The paint and varnish industry wastewater treatment is a challenging field characterized by high toxicity and low biodegradability. Paint factories produce water-based and solvent-based paints; both have different wastewater characteristics.
The COD values in paint wastewaters are at low levels of 2,000-15,000 mg/L, with a BOD/COD ratio of around 0.2. This low ratio indicates that classical biological treatment will be insufficient. Heavy metals (Pb, Cd, Zn, Cu) are found at levels of 5-50 mg/L, while solvents (toluene, xylene, MEK) are present at 100-2,000 mg/L.
Arsistek solutions for the paint industry include a combination of Fenton oxidation, chemical precipitation, air stripping, activated carbon adsorption, and biological post-treatment. This multi-barrier approach ensures compliance with discharge standards by breaking down even the most challenging organic compounds.
Fenton Advanced Oxidation Process
The Fenton process is one of the most effective techniques for breaking down refractory organics in dye wastewater. Hydroxyl radicals (•OH) formed when H2O2 and Fe2+ (ferrous sulfate) come together attack even the most difficult organic molecules.
Optimum operating conditions: pH 3-4, Fe2+/H2O2 ratio 1:5-1:10, reaction time 60-120 minutes. After the reaction, the pH is raised to 8-9 to precipitate and remove iron.

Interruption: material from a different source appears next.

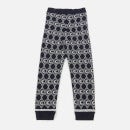 Chloé Girls Knitted Trousers - Navy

Fenton provides 70-90% COD removal in dye wastewater and makes the subsequent biological stage possible. It raises the BOD/COD ratio from 0.2 to 0.5-0.6.
Water-Based vs Solvent-Based
Water-based paint wastewater: Contains pigment, acrylic resin, and thickener. Biodegradability is higher. Color removal is the main challenge.
Solvent-based paint wastewater: Contains solvents such as toluene, xylene, and MEK. Air stripping and activated carbon are mandatory.
Heavy Metal Precipitation
Metals such as zinc, lead, chromium, and cadmium come from pigments. Alkaline precipitation (pH 9-10) is used to precipitate metal hydroxides.
The addition of polymer flocculant accelerates the settling process. It is separated by lamella settling or DAF.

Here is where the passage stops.